(Collected data entries)
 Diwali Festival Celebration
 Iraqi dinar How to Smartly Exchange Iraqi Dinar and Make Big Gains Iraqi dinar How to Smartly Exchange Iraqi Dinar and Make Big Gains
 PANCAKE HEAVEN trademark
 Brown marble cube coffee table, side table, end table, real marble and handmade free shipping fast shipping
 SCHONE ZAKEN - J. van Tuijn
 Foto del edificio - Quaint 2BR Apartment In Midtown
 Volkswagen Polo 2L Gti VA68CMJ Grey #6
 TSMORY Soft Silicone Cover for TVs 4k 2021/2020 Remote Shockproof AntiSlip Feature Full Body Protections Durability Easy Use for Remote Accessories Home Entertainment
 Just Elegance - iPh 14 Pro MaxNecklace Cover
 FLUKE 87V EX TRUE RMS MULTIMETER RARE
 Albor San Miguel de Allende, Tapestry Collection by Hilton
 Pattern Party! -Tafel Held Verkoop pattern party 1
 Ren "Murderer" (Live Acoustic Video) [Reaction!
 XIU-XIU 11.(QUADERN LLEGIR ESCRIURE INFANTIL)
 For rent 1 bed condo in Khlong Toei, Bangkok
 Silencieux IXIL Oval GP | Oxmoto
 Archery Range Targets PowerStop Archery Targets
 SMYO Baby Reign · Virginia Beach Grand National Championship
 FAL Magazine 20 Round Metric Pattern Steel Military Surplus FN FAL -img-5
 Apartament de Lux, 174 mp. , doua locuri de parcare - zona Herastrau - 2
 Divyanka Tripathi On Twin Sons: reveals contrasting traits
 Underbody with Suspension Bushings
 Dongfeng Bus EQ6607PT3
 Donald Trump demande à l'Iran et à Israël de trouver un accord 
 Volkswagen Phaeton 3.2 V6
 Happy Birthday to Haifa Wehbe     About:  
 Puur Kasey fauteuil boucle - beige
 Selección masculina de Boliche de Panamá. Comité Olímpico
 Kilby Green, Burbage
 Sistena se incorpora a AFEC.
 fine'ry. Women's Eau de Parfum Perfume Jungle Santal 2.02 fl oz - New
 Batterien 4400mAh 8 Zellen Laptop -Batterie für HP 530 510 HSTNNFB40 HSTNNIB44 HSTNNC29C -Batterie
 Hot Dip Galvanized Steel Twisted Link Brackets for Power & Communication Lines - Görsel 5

Work required - Set down, word for word, each line from the top of the records above through the line with "Just Elegance - iPh 14 Pro MaxNecklace Cover".

Answer to this problem -
 Diwali Festival Celebration
 Iraqi dinar How to Smartly Exchange Iraqi Dinar and Make Big Gains Iraqi dinar How to Smartly Exchange Iraqi Dinar and Make Big Gains
 PANCAKE HEAVEN trademark
 Brown marble cube coffee table, side table, end table, real marble and handmade free shipping fast shipping
 SCHONE ZAKEN - J. van Tuijn
 Foto del edificio - Quaint 2BR Apartment In Midtown
 Volkswagen Polo 2L Gti VA68CMJ Grey #6
 TSMORY Soft Silicone Cover for TVs 4k 2021/2020 Remote Shockproof AntiSlip Feature Full Body Protections Durability Easy Use for Remote Accessories Home Entertainment
 Just Elegance - iPh 14 Pro MaxNecklace Cover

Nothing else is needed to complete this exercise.